I was also fascinated by a talk for the History degree (I’ve applied for a joint English Literature and History degree at Edinburgh).  We were treated to an example lecture on the economic history of the UK, which turned out to be far more fascinating than it sounded.  Edinburgh is a city with a rich history, dating its large-scale growth far back before the Industrial Revolution – unlike Glasgow.  Along one street you’ll see Gothic style buildings, along another they’re almost Medieval, and then you’ll come across a classical display of pillars and gold.

There is also a lively political atmosphere in Edinburgh, which appeals to me highly.  Walk along any street, particularly near the university itself, and you’re likely to see a variety of posters advertising protests: to scrap the Trident nuclear missiles, to oppose the ‘Israeli Apartheid’, to oppose the totalitarian regime of North Korea, etc.  We even stumbled upon a petition-signing event protesting against the ‘Bedroom Tax’, organised by the Scottish Socialist Party, though it was wrapping up just as we arrived and so we unfortunately never had chance to put our names down.  There’s a variety of fundraising movements we witnessed, ranging from collections for children’s hospitals to firefighters marching for the National Union of Firefighters (or something along those lines).  I don’t think it’s a coincidence that the the 2011 Occupy Movement in Scotland survived longest in Edinburgh.  Having grown up in a small island where the height of political activity is spars over whether or not to build a cinema, bridge, wind turbines, and so on, this was an amazing environment to find myself in.

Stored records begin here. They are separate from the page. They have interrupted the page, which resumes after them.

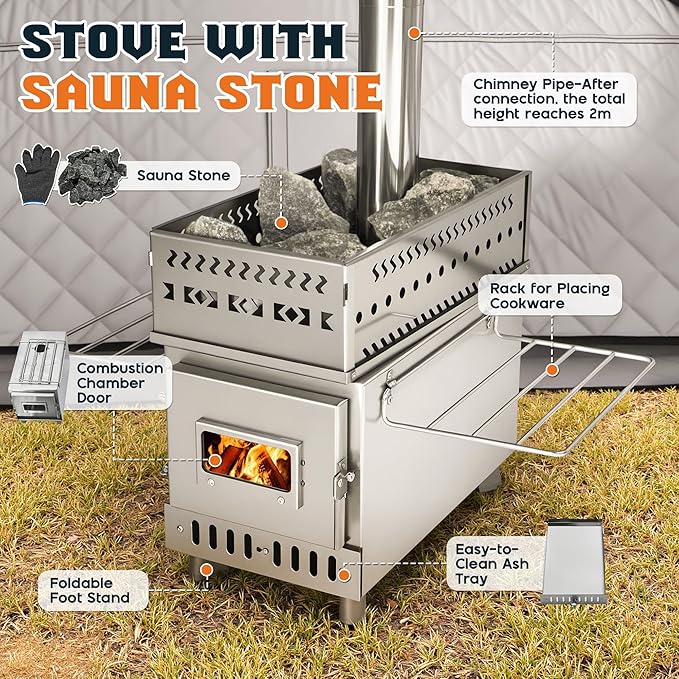 Albott Outdoor Sauna Tent, Portable Wood Burning with Stove, 4-6 Person Steam for Dry Sauna, Oxford Cloth & Carbon Steel Stove with Stone, 8.2’ x 8.2’ x 6.7’, Grey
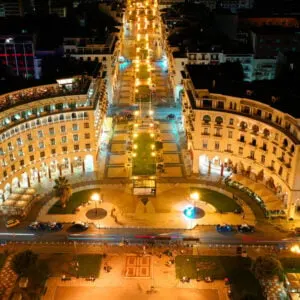 Aerial drone night shot of Aristotelous square in the heart of Thessaloniki, Greece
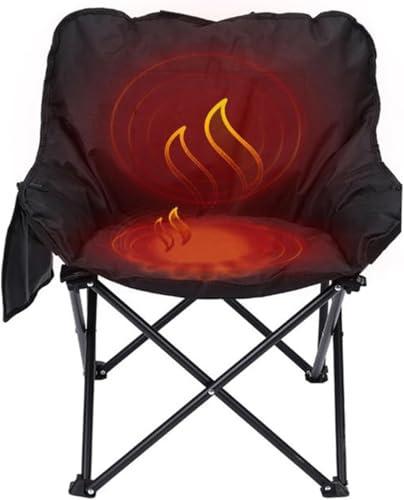 Beheizter Campingstuhl USB Beheizter Tragbarer Campingstuhl Individuell Beheizte Rückenlehne Und Sitz Moon Campingstuhl Tragbarer Outdoor-campingstuhl Für Den Garten, Black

This brings me on to the more exciting aspect of the trip.  I fancied a quick glance at the Scottish Parliament, located in Edinburgh, so we took a walk down the ‘Royal Mile’ and ventured in.  After a security check, we took a cautious walk into the public gallery of the debating chamber.  To our extreme fortune, it turned out that a session of the First Minister’s Questions were about to start.  My geek-credentials were proven with the fact that this excited me more than anything has in a long time.  One by one, high-profile figures in Scottish politics began to file in.  Johann Lamont (Scottish Labour leader), Nicola Sturgeon (Deputy First Minister), Ruth Davidson (Scottish Conservative Leader), and, finally, Alex Salmond (First Minister, and the Scottish National Party leader).  We watched him spar with figures such as Lamont and Davidson, and also debate with my own MSP, Tavish Scott.  I noticed Patrick Harvie, one of the few Scottish Green Party MSPs, in the chamber but unfortunately he never spoke.  It was strange, being so close to objects and people of intense interest to me.  I suppose, as I never personally interacted with any of it, the experience was not a lot different from watching the proceedings on TV, except the former never leaves me buzzing in excitement for the rest of the day.

Overall, I truly love Edinburgh.  I liked Glasgow more than I expected, but it would take a lot for me not to choose here as my place of study for four years.  From what I’ve seen of St. Andrews thus far, I don’t think my opinion will be changing.